Focus needs to be on citizen needs, info-sharing
The White House last week announced $80 million in new federal funds for its ongoing Smart Cities Initiative while doubling the number of participating U.S. cities to more than 70.
The funding is meant to spur development of technologies and programs in four primary areas: to reduce energy usage; improve urban transportation with connected and autonomous vehicles; beef up public safety and disaster response; and transform city services such as outreach to the homeless.
The funding is partly a response to a comprehensive report from presidential advisors in February recommending ways to maximize technology innovation in cities. Dozens of experts worked on the report, including Eric Schmidt, executive chairman of Alphabet, and Eric Lander, president of the Broad Institute of Harvard and MIT.
One seminal recommendation called on cities to share information and tools.
The report also emphasized how cities in other countries are using technology, much of it based on the use of inexpensive sensors to monitor air, road and water conditions in an Internet of Things approach. “The time to aim for leadership in urban technologies and urban science is now,” the group said.
Analysts who study the smart city movement globally have noticed an accelerated interest in cities in Europe and Asia, especially China, leading some to wonder how soon the U.S. will respond.
The 84-page February report is available here.
“Technology and the Future of Cities” pointed to the “uneven implementation and distribution of [technology] solutions across cities, hightlighting a need for more effective approaches to data integration and sharing.”
Small cities lose out and projects can sometimes be “idiosyncratic” and expensive, as a result. The report added that “a comprehensive information infrastructure for cities to use and share does not exist today and is needed to make significant progress.”
Last week’s White House response includes dozens of areas where federal dollars will be spent on pilot projects and research, primarily through agencies already doing such work. A big chunk of the $80 million total includes $60 million in National Science Foundation grants and investments. Among them: $10 million to support access to gigabit-ready networks and services under the U.S. Ignite program.
The White House also announced a challenge grant by the Smart Cities Council to help five American cities apply technologies to improve urban livability, workability and sustainability. The council is an independent network of leading tech firms that is advised by universities, laboratories and government standards bodies.
According to the council, more than $1 trillion in annual technology sales can be traced globally to smart city investments. “It’s not just a trend…it’s a race,” the council says on its website. “A smart city strategy is essential to support a 21st century workforce and to drive economic development.”

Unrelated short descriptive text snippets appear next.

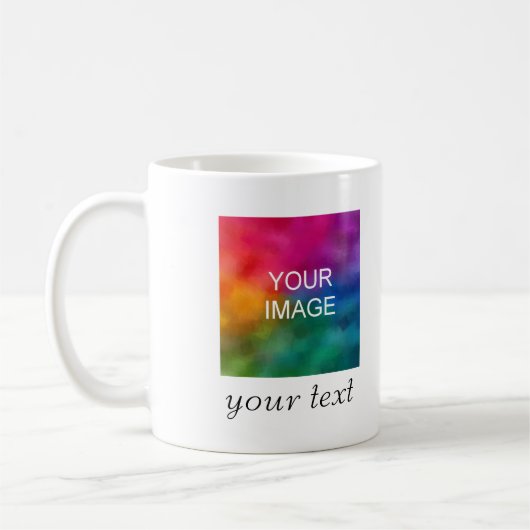 Handgeschriebener Text oder benutzerdefinierte Fot Kaffeetasse (Links)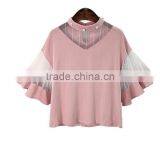 Zm50290b Hot Sale Europe Lady Blouse Summer Loose Women Blouses and Tops thumbnail-3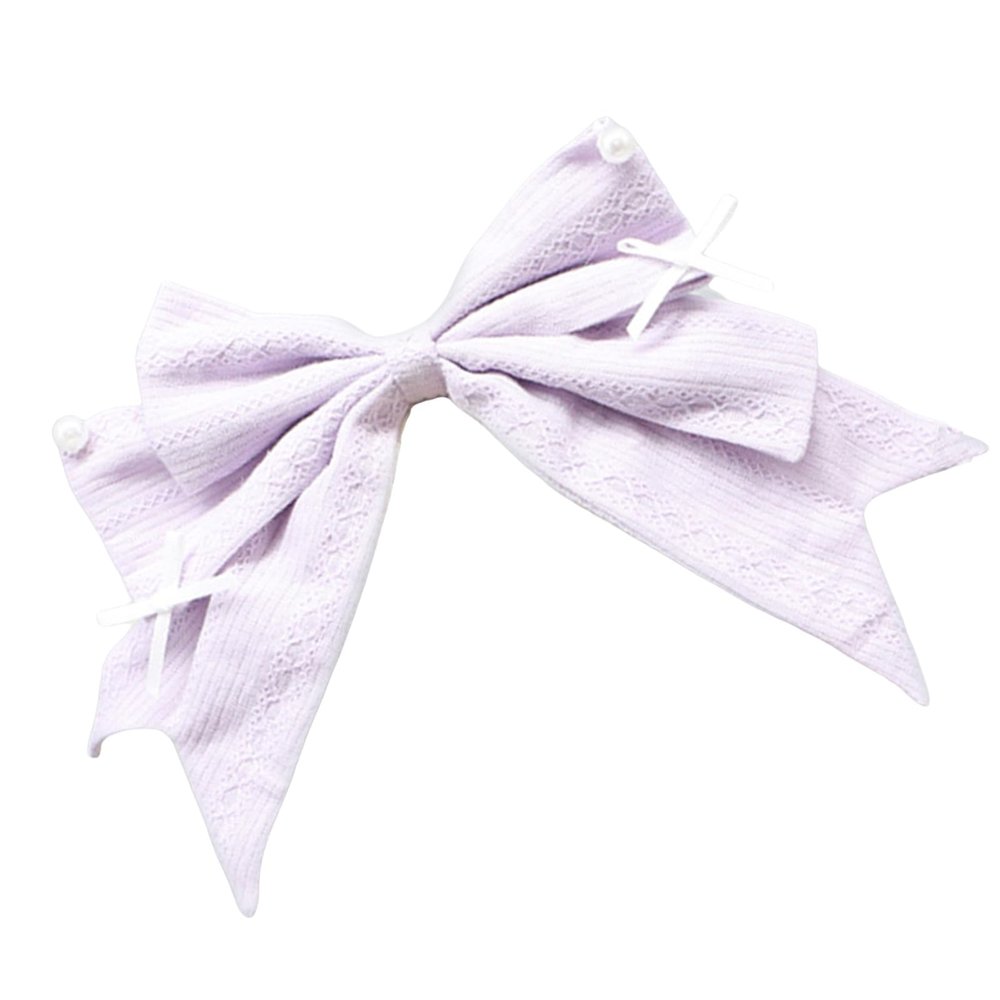 QERPON Sweet Bowknot Hair Clip for Female Girl Fashion Barrettes Ponytail Holder Female Hair Bows Masquerades Party Headwear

The five winning cities will receive customized workshops and services from industry partners. One such service will come from the TM Forum, a nonprofit group focused on improving collaboration. It will provide a free assessment model to help the winning cities examine strengths and weaknesses so they can set goals in the next two to five years.
Cities can use the model to advance “by really looking at how the city is organized, since many have stovepipe organizations where portions have trouble talking to each other,” Carl Piva, vice president of strategic programs at TM Forum, said in an interview.

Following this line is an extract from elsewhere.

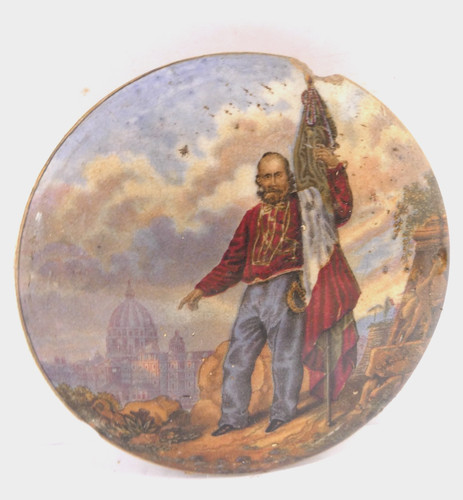 Victorian prattware pot - prattware, lid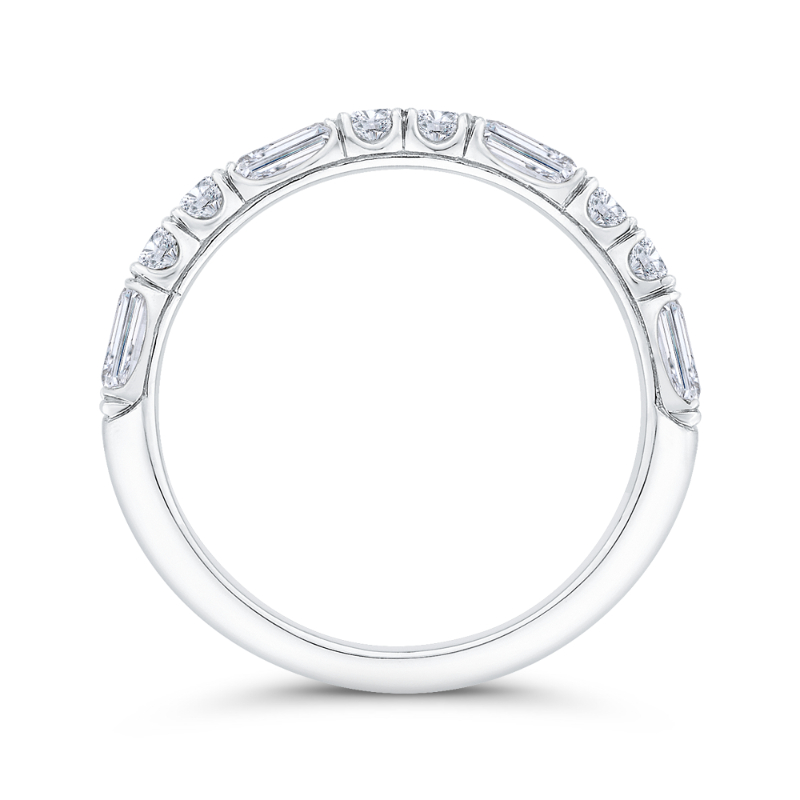 Diamond Wedding Band in 14K White Gold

The model was developed by experts and linked up with global best practices from the smart city movement. “It’s the glue to pull together a lot of reputable institutions. The notion is to try to get a global movement going for one way to view smart city maturity,” Piva said.
Once a city examines its approach and develops a vision of what it wants to achieve using the TM Forum model, the questions then become “how to drive citizen input and drive city services with the citizen at the heart and defining a new proposition of what the customer needs,” Piva said.

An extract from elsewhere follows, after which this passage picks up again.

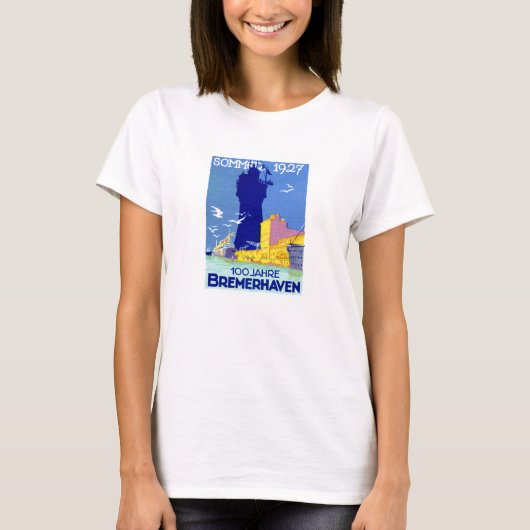 1927ブレーメルヘブンドイツ Tシャツ (正面)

Just as Uber and Airbnb have crushed older, established business models to build services around customer needs, cities need to do the same, he said. “The best municipalities have services designed around customer needs, although usually it’s the other way around—kind of an inside-out approach. Sensors in the Internet of Things and other technologies happening in society could form a powerful catalyst for change. Cities need to see what citizens want.”
Eventually, the model could be used to create online components of data that can be shared by other cities. “If your city is not doing tourism well, maybe another city solved that problem and you can copy and download and use its approach,” he said.
“That’s something cities don’t do well today, but it has worked for some industries,” Piva said. “It is called co-creation, where you create components but don’t develop everything yourself. You might need something somebody else already did. That’s a journey that doesn’t happen overnight, but the city that doesn’t do it will fall behind.”